Does anyone know where you can buy the PC version of fitday, searched all over but can't find it anywhere.... I know you can buy it direct from their site, but it only has the option of canada or america, under country, and also requires a zip code.... anyone else bought it off their site???


----------



## Longshanks (May 21, 2007)

http://thepiratebay.org/torrent/4212722/FitDay_PC_(serial_key_included)


----------



## MissBC (Apr 29, 2008)

it used to be on amazon but not currently??


----------



## MissBC (Apr 29, 2008)

Longshanks said:


> http://thepiratebay.org/torrent/4212722/FitDay_PC_(serial_key_included)


ohhhhhhhhhhhhhhhhhhhhh if this works................ LOVE YOU!!


----------



## MATTY_2008 (Feb 7, 2008)

Longshanks said:


> http://thepiratebay.org/torrent/4212722/FitDay_PC_(serial_key_included)


Cheers m8......


----------



## MissBC (Apr 29, 2008)

dont forget to mention they will need a U torrent or equiv to download it if they dont have one!! mine is on its way!!

THANKS


----------



## Jimmy_Cricket (Aug 3, 2006)

Alot of browsers allow you to download torrents now, eg Opera, try it!!


----------



## MissBC (Apr 29, 2008)

here is another cause that one didnt work for me

http://isohunt.com/torrents/?ihq=FitDay

just downloaded and installed this (picked the first one out of the 2 (not the zip)

ALl serial numbers included and works good as!!


----------



## Longshanks (May 21, 2007)

MissBC said:


> here is another cause that one didnt work for me
> 
> http://isohunt.com/torrents/?ihq=FitDay


You have to extract the folder before you execute the file.
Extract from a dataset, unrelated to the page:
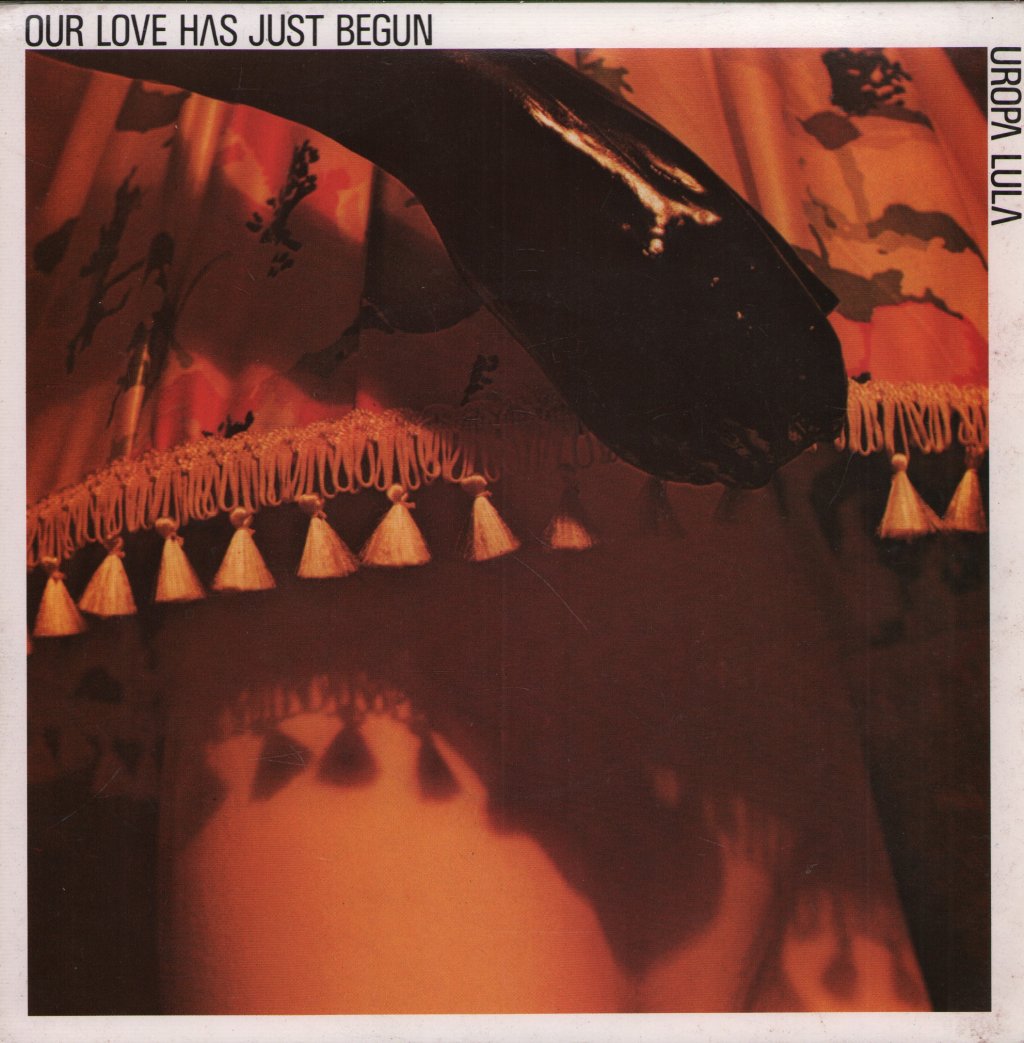 Uropa Lula - Our Love Has Just Begun - 7 Inch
It is a .rar file do you have winrar?


----------



## MaKaVeLi (Aug 12, 2008)

Another link

http://rapidshare.com/files/34956726/FitDayPC.rar

password: [email protected]

you also need winrar

http://www.rarlab.com/rar/wrar380.exe


----------



## MissBC (Apr 29, 2008)

Longshanks said:


> You have to extract the folder before you execute the file. It is a .rar file do you have winrar?


Yup :thumbup1:


----------



## MissBC (Apr 29, 2008)

MaKaVeLi said:


> Another link
> 
> http://rapidshare.com/files/34956726/FitDayPC.rar
> 
> ...


whats the log on for this??

Is it under the premium user??


----------



## MaKaVeLi (Aug 12, 2008)

MissBC said:


> whats the log on for this??
> 
> Is it under the premium user??


no go on free, if that wont work then pm me


----------



## MissBC (Apr 29, 2008)

MaKaVeLi said:


> no go on free, if that wont work then pm me


all done with my orig one babe  x


----------



## Fatboy80 (Feb 27, 2008)

What do we put in name and registration key?


----------



## Slamdog (Jun 11, 2007)

mine was bought direct from the website no probs...


----------



## MissBC (Apr 29, 2008)

Fatboy80 said:


> What do we put in name and registration key?
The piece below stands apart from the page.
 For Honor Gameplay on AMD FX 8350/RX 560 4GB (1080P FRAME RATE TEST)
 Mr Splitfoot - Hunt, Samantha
which one did you download???


----------



## Fatboy80 (Feb 27, 2008)

MissBC said:


> which one did you download???


 The one in the link on the second post on this thread :thumbup1:


----------



## MissBC (Apr 29, 2008)

Fatboy80 said:


> The one in the link on the second post on this thread :thumbup1:


dont know then sorry, youl have to wait till the guy who posted it to answer!


----------



## MaKaVeLi (Aug 12, 2008)

Did mine work Briar?


----------



## Longshanks (May 21, 2007)

Fatboy80 said:


> What do we put in name and registration key?
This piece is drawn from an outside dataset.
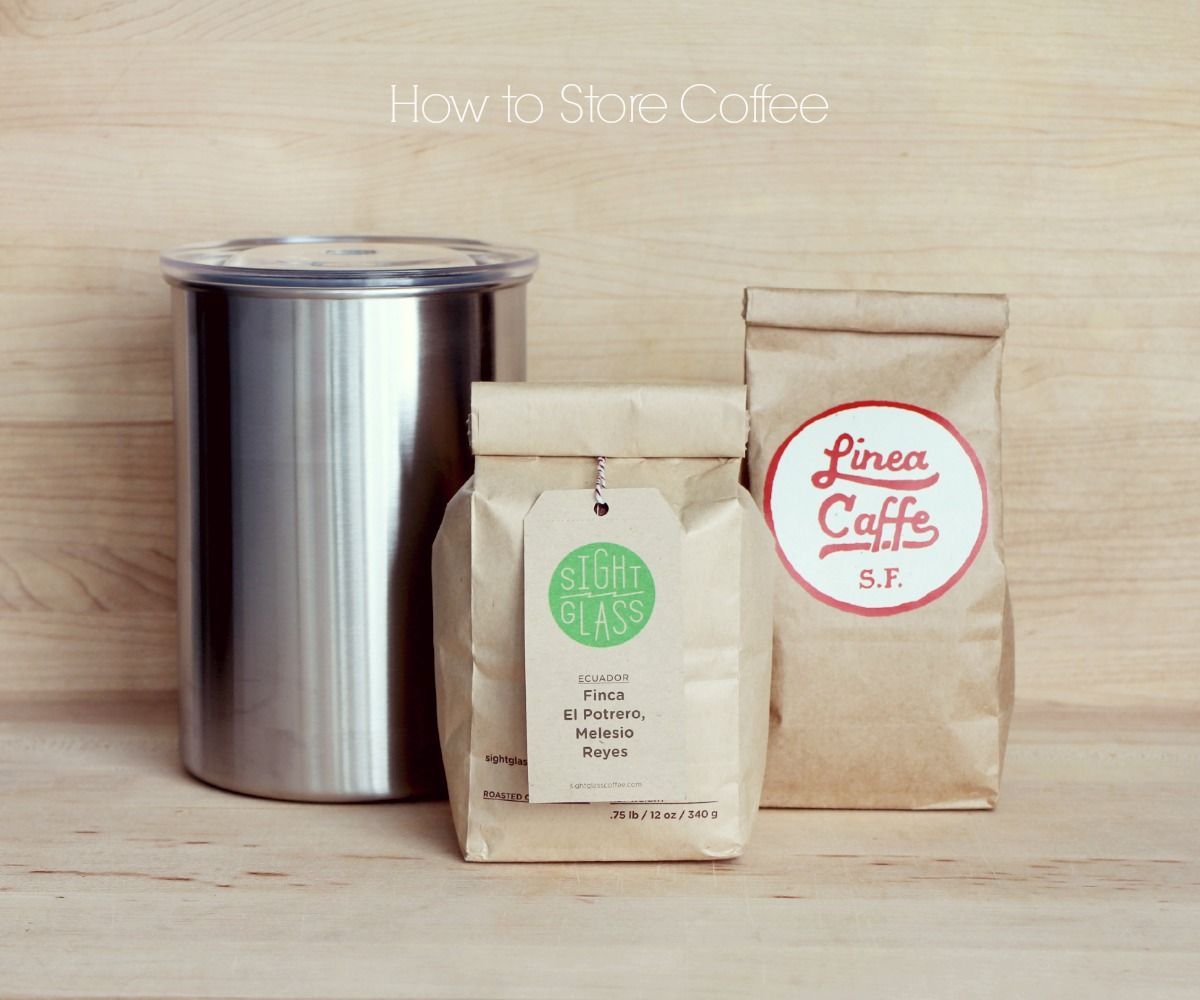 How to Store Coffee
the registration info should be on the text file you downloaded with the file.

here it is:

Name: Ryan McKenney

Registration Key: DFD-E8B-ACB2


----------



## Fatboy80 (Feb 27, 2008)

Longshanks said:


> the registration info should be on the text file you downloaded with the file.
> 
> here it is:
> 
> ...


 Cheers - reps! :thumb:


----------



## MissBC (Apr 29, 2008)

MaKaVeLi said:


> Did mine work Briar?


used my one babes!! :thumb:


----------